▸ **Task**: Repeat each record exactly. Any picture gets left out.
*** Opening of Extracted records ***
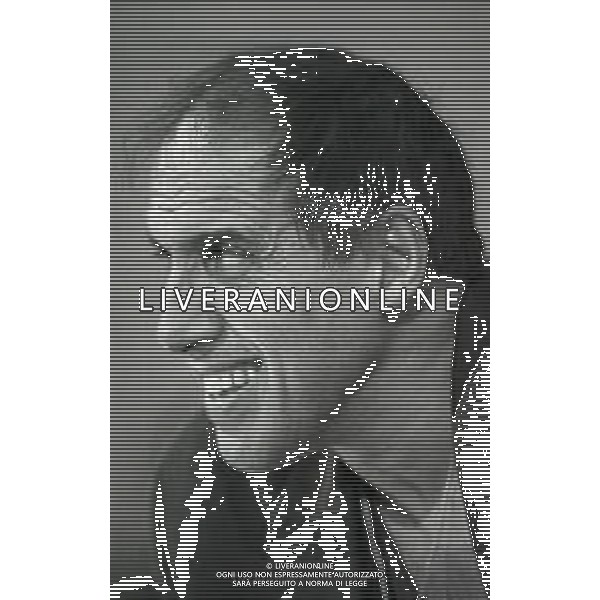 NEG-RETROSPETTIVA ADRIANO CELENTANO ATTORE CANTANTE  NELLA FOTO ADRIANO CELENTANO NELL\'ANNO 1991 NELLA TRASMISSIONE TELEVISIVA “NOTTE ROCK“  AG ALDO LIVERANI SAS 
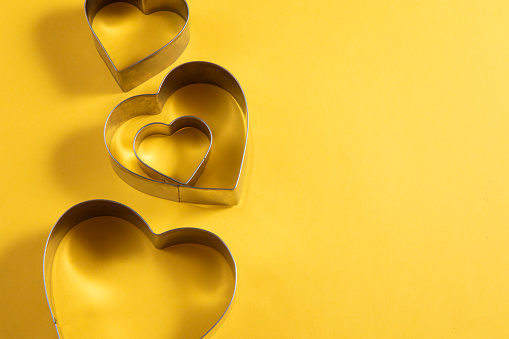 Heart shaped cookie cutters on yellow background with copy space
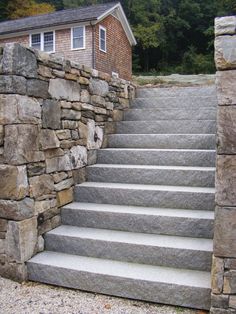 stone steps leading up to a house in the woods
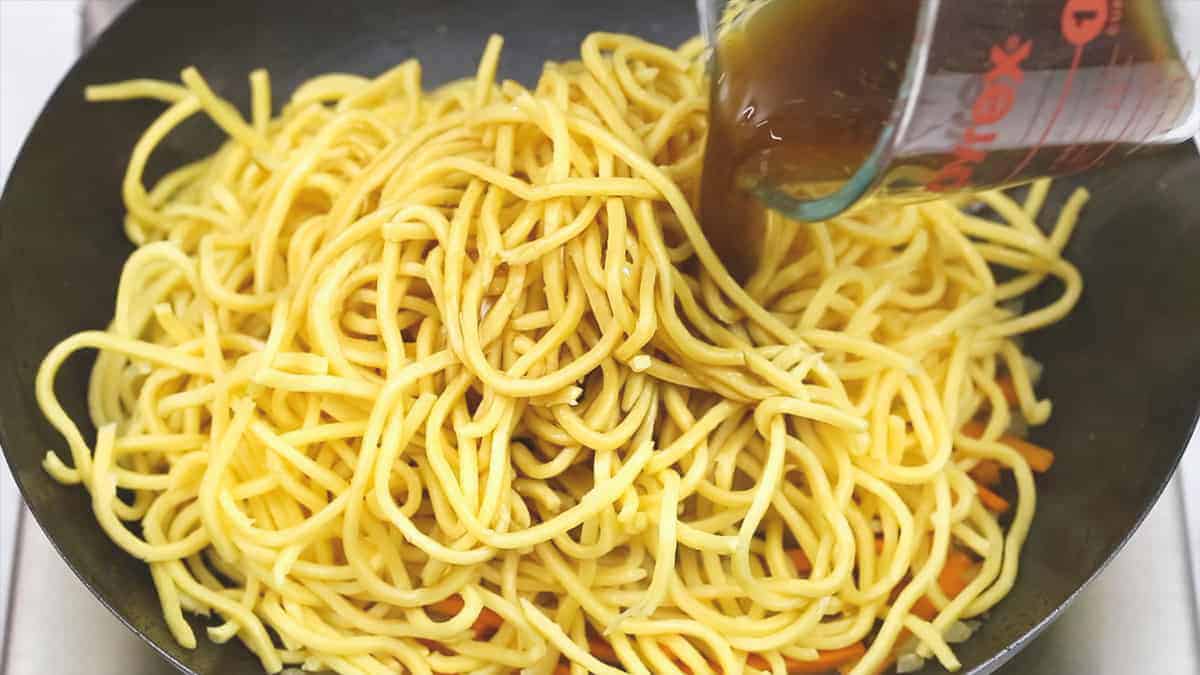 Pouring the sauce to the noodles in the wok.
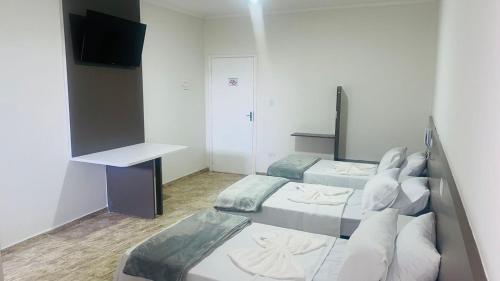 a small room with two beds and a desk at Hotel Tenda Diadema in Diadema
*** Close of Extracted records ***
▸ **Solution for this exercise**:
 NEG-RETROSPETTIVA ADRIANO CELENTANO ATTORE CANTANTE  NELLA FOTO ADRIANO CELENTANO NELL\'ANNO 1991 NELLA TRASMISSIONE TELEVISIVA “NOTTE ROCK“  AG ALDO LIVERANI SAS 
 Heart shaped cookie cutters on yellow background with copy space
 stone steps leading up to a house in the woods
 Pouring the sauce to the noodles in the wok.
 a small room with two beds and a desk at Hotel Tenda Diadema in Diadema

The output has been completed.